=== INPUT ===

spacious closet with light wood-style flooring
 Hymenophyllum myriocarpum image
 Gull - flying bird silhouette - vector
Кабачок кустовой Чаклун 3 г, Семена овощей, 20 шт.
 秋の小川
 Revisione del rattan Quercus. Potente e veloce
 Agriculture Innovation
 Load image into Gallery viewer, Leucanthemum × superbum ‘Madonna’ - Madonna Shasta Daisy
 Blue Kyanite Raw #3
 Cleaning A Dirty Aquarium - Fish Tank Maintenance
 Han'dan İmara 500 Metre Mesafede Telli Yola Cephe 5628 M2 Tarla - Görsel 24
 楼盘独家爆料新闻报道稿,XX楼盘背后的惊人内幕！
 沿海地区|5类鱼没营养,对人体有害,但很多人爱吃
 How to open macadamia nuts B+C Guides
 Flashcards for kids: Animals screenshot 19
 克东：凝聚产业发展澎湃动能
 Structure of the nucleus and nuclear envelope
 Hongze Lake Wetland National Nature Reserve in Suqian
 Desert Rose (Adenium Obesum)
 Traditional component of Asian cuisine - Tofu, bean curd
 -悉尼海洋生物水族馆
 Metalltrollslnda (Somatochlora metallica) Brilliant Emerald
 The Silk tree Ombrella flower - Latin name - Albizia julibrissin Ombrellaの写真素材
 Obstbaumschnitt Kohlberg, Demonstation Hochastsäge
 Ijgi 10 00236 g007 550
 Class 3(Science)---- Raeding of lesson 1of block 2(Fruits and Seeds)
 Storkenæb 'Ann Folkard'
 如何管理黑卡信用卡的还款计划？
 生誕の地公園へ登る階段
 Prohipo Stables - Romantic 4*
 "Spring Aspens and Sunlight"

===

**WHAT IS EXPECTED**
Please output exactly the lines from the one containing "Storkenæb 'Ann Folkard'" through the end of the records, both included.

**EXERCISE RESPONSE**
 Storkenæb 'Ann Folkard'
 如何管理黑卡信用卡的还款计划？
 生誕の地公園へ登る階段
 Prohipo Stables - Romantic 4*
 "Spring Aspens and Sunlight"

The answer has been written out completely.